I'm no C programmer which is partly why I used sh. Also, I took inspiration from the code behind iohyve which is sh. It's actually my first 'proper' shell script, but it's fairly easy to pick up. All of these utilities seem to be sh though, as do all the jail ones, and even base FreeBSD stuff like bsdinstall. The common theme between all these things is that really they're just wrappers around a bunch of built in utilities, and sh is actually pretty good for that, as it's literally just a a way of running existing commands with a few control statements thrown in. The iocage dev was interviewed on BSDNow recently, and said how surprised he was what he could do with shell, after rewriting his code from perl. With C you really want to be using some sort of API to access the features you are using; A C program that's constantly executing external utilities sounds messy to me. I don't really think using C would of actually made for much of a better end product. I could of made something a lot easier and neater using perl or another higher level scripting language, but for the exact same reason iocage moved from perl to sh, I wanted something without dependencies.


----------



## Beastie7 (Aug 23, 2015)

usdmatt said:


> It appears FreeBSD devs are working on a bhyve frontend which will be the 'official' one according to the wiki, so we'll have to see what they come up with. Maybe it'll be perfect and no one will ever use anything else.
> 
> You're always going to have different solutions to the same problem that have different ideas though. Even with ZFS which you mention, you can run ZFSGuru or FreeNAS or probably other abstractions if you don't actually want to (or know how to) go on a console and run zfs commands directly. We have different operating systems, database engines, web servers, all with different ideas on what they are trying to achieve. Users just pick the one that meets their needs best.
> 
> With my front end, I wanted everything to be as easy as possible, with no knowledge of nmdm/tap/bridge/etc required, and without having to know all the loader commands for each OS; which is no good if you actually want control over all that. iohyve is basically an iocage clone for bhyve, tied to ZFS, but will likely eventually allow you to easily clone VMs instantly, move between hosts using send/recv and do other cool ZFS-specific stuff.. vmrc is a fairly light wrapper where the guest config files contain pretty much everything you would usually have to type in by hand, making the config files much more complex, but allowing you control over loader arguments, networking/bridge setup etc. Each one has different merits depending on what you're after.



Oh I was referring to standard FreeBSD technologies and CLI front-ends. For third party stuff though, yeah definitely.



> I'm no C programmer which is partly why I used sh. Also, I took inspiration from the code behind iohyve which is sh. It's actually my first 'proper' shell script, but it's fairly easy to pick up. All of these utilities seem to be sh though, as do all the jail ones, and even base FreeBSD stuff like bsdinstall. The common theme between all these things is that really they're just wrappers around a bunch of built in utilities, and sh is actually pretty good for that, as it's literally just a a way of running existing commands with a few control statements thrown in. The iocage dev was interviewed on BSDNow recently, and said how surprised he was what he could do with shell, after rewriting his code from perl. With C you really want to be using some sort of API to access the features you are using; A C program that's constantly executing external utilities sounds messy to me. I don't really think using C would of actually made for much of a better end product. I could of made something a lot easier and neater using perl or another higher level scripting language, but for the exact same reason iocage moved from perl to sh, I wanted something without dependencies.

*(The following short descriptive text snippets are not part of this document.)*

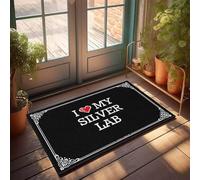 FZFN Tapis de bain absorbant et amusant avec inscription « I Love My Silver Lab » pour enseignant (65 x 90 cm)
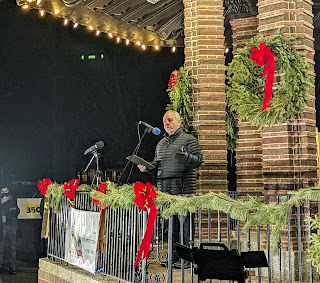 Rep Roy giving his remarks at the January 6 Vigil (on the Town Common)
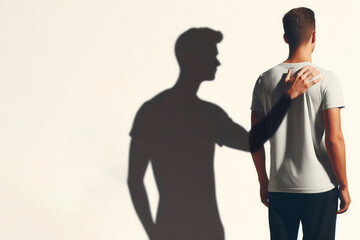 Fototapeta premium A person stands in front of his own shadow, symbolizing an internal conflict. Space for text.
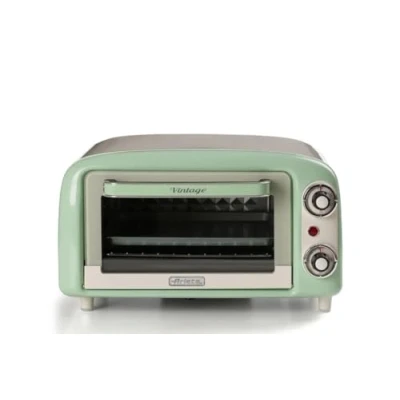 Imagen de Ariete 3919 Vintage Minibackofen, 10 L Fassungsvermögen, zum Backen oder Erwärmen von Speisen, Temperatura bis 230C, temporizador de 60 minutos, parrilla Edelstahl, 800W, Doppelverglasung, Grün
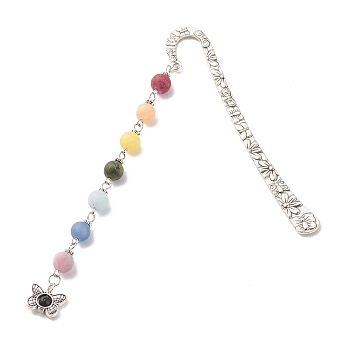 Tibetan Style Alloy Bookmarks, with Chakra Theme Fropted Natural Gemstone Beaded Pendant, Butterfly, Antique Silver, 137mm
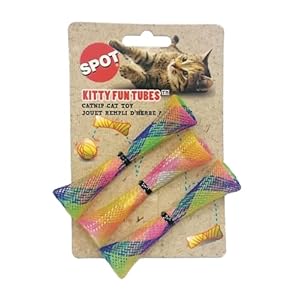 SPOT Ethical Pet Catnip Cat or Kitten Toy, Colorful Fun Tubes. Interactive Bouncy cat Toy, Assorted Color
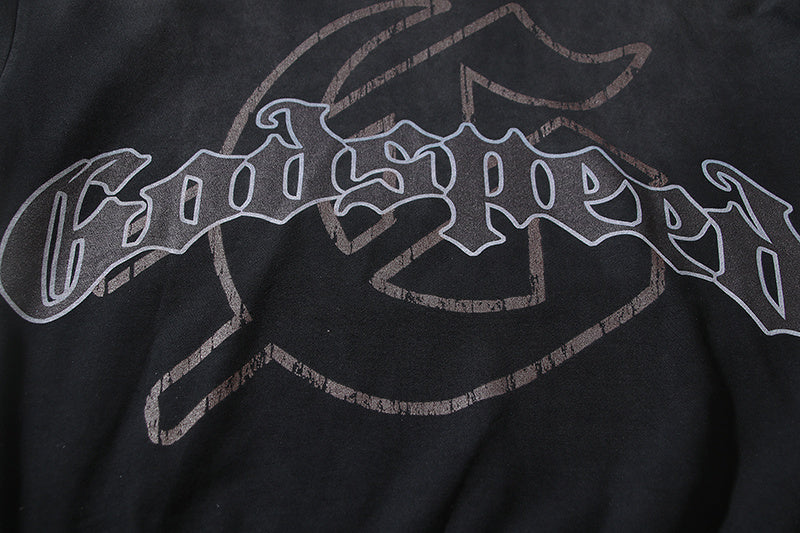 American High Street Godspeed Retro Printed Unisex Trendy Loose Hoodie
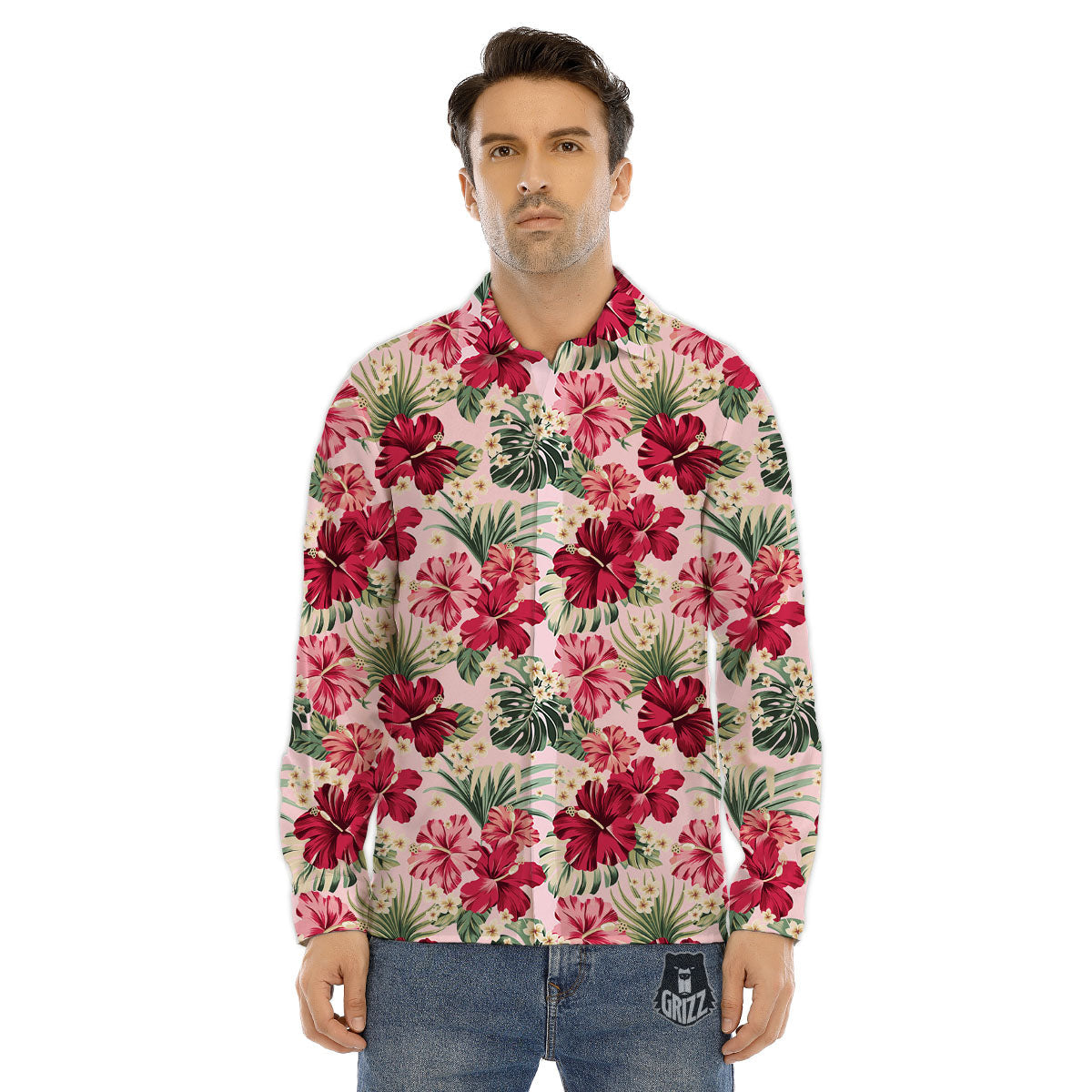 Floral Hibiscus Flower Print Pattern Men's Dress Shirts-grizzshop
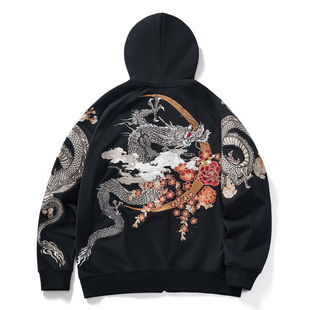 国风潮牌拉链开衫卫衣横须贺重工青龙朱雀刺绣男女情侣春秋季外套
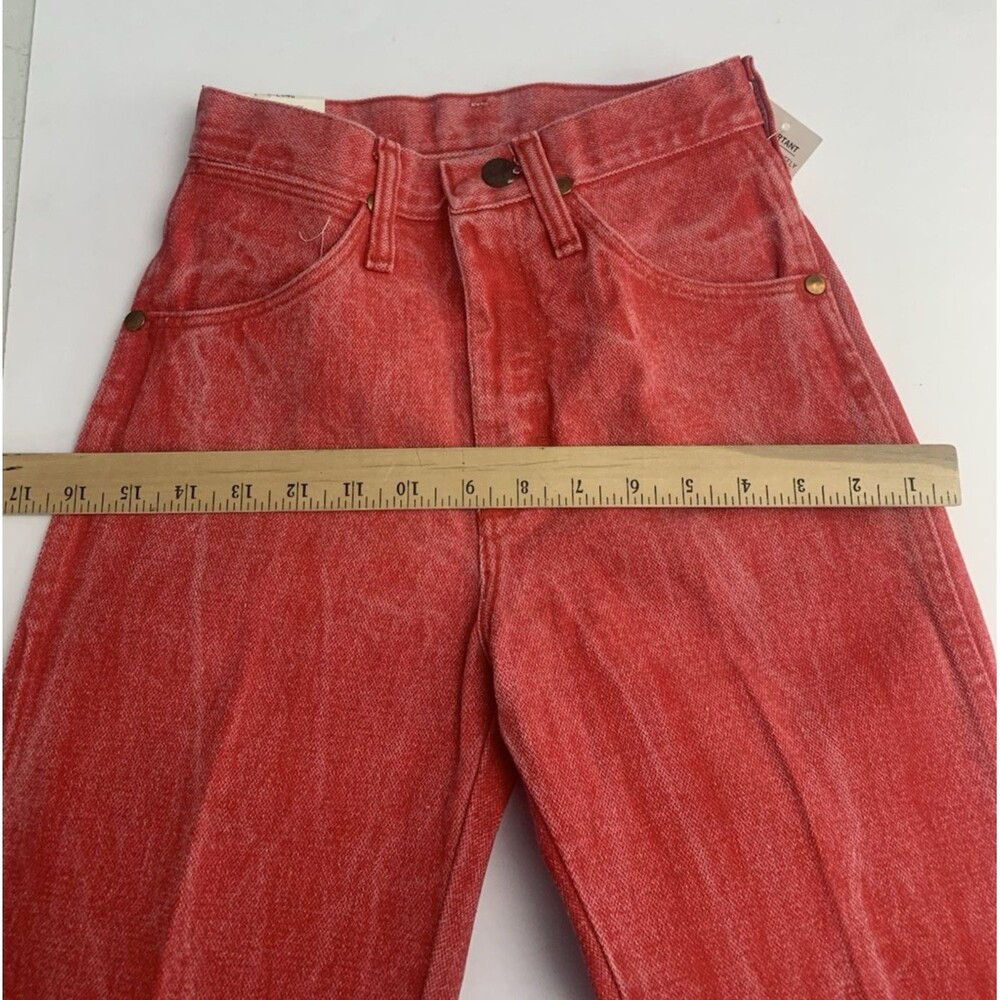 VTG Wrangler Women’s Jeans 1 x 34 Cowboy Cut Western Acid Wash Red-Orange Rodeo - Picture 11 of 16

Hmmm, so for an API (if I'm understanding this correctly), would something like libpkg need to be developed? According to its' GitHub page it's some sort of library interface. I'm not sure how the internals of Jails works or if it has it's own API like implementation, but your point about an API really clears things up though. I supposed wrapping sh around C based utilities is easier and less bloating. Damn, I need to study this stuff. lol


----------